Getting Started with the Basics

Printing to the Command Line

  • puts method - Prints a string to the cli with a break at the end
    • Ex: puts "Hello World" --> Hello World\n
  • print method - Prints a string to the cli
    • Ex: puts "Hello World" --> Hello World
  • p method - Prints a string literal to the cli
    • Equilvalent to mystring.inspect
  • Some useful string related methods:
    • .upcase, .downcase, .capitalize, and .swapcase
    • .include?
    • .length or .size
    • .reverse
    • .empty? or .nil?
    • mystring[3] or mystring.slice(3)
    • mystring[3, 6] or mystring.slice(3, 6)
      • .to_i or .to_f - Converts to an integer or float
    • mystring.gsub(/s/, "th")
    • mystring.split(" ")

Comments

The # character is used for single line comments.

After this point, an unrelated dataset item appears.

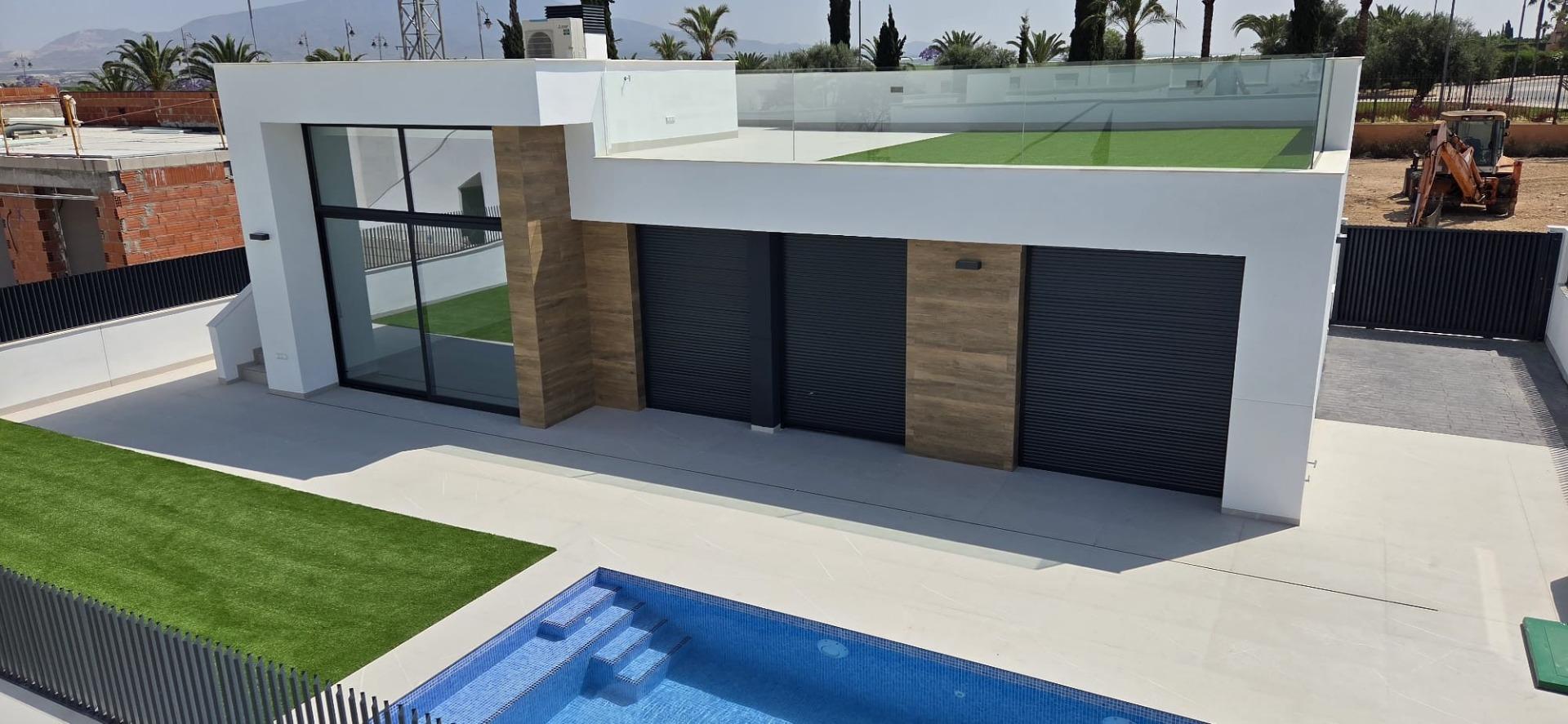 New build villas in condado de alhama golf course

Multi-line comments are written as follows.

puts "Hello World"
=begin
Stuff in here is a multi-line comment.
At least it is as of this line.
=end

Parallel Variable Assignment

Variables can be assigned as used in parallel (written in one line) as follows:

a, b, c = 10, 20, 30
p a, b, c

=begin
Output:
10
20
30
=end
# Variable Swaping
a, b = b, a

String Interpolation

Example:

p "Hello #{name}!"

gets and chomp methods

  • gets retrieves a command line inputs from the user
  • chomp - removes an extra line from the end of a string (from gets for example)

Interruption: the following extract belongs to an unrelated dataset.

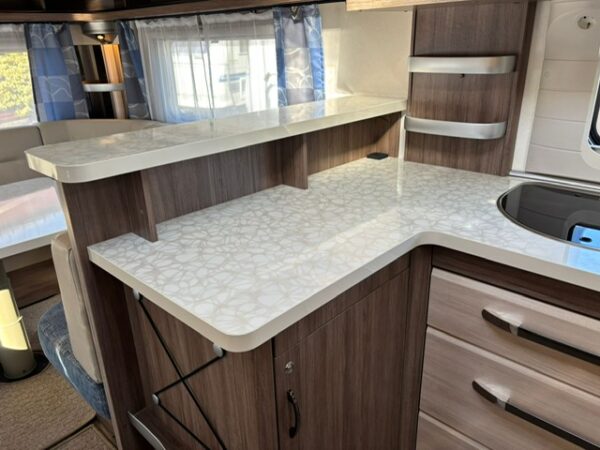 Hobby De Luxe 560 CFE bj.2014 met mover en voortent - Afbeelding 12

Getting Under the Hood with Ruby

Numbers

Numbers in Ruby are either integers or floating point numbers. All numbers are objects and can therefore have methods called upon them. For example:

1.next # = 2
p 1.to_s # "1"
1.class # Fixnum
1.01.class # Float
999999999999999999999999999999999999.class # Bignum
1.odd? # true
1.even? # false
3.between?(1, 5) # true
1.5.floor # = 1
1.5.ceil # = 2
3.1415.round # = 3
3.1415.round(3) # = 3.142
-381.abs # = 381

Equality/Comparison

Basically the same as other common programming languages. Just look it up if it behaves in an unexpected manner.